From the data below, repeat everything exactly except the images.

Provided data:
----------------

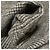 Autre Marque THROW DOUBLE FACE GLEN Wool Scarf Brown - view 4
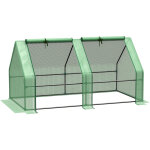 Mini serre de jardin serre  tomates dim. 180l x 90l x 90h cm acier pe haute densit 140 g / m anti ...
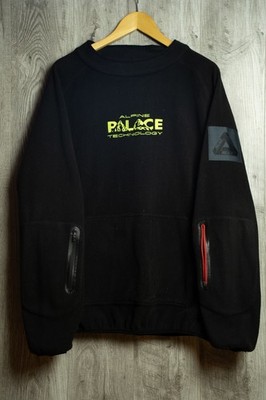 Palace Skateboards Alpine Technology Fleece Pullover Sweatshirt Black Men's Size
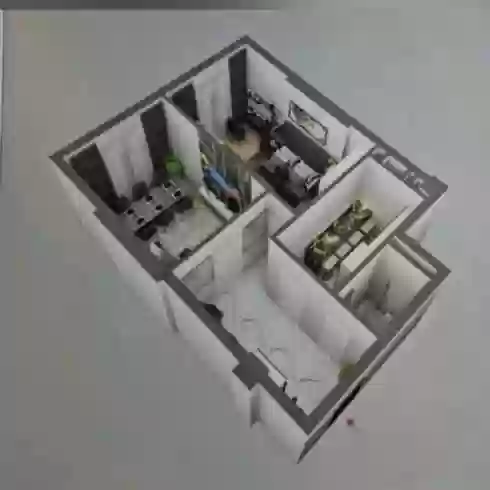 2-к квартира, 3 этаж, 57 м², Сино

----------------

Response for this exercise:
 Autre Marque THROW DOUBLE FACE GLEN Wool Scarf Brown - view 4
 Mini serre de jardin serre  tomates dim. 180l x 90l x 90h cm acier pe haute densit 140 g / m anti ...
 Palace Skateboards Alpine Technology Fleece Pullover Sweatshirt Black Men's Size
 2-к квартира, 3 этаж, 57 м², Сино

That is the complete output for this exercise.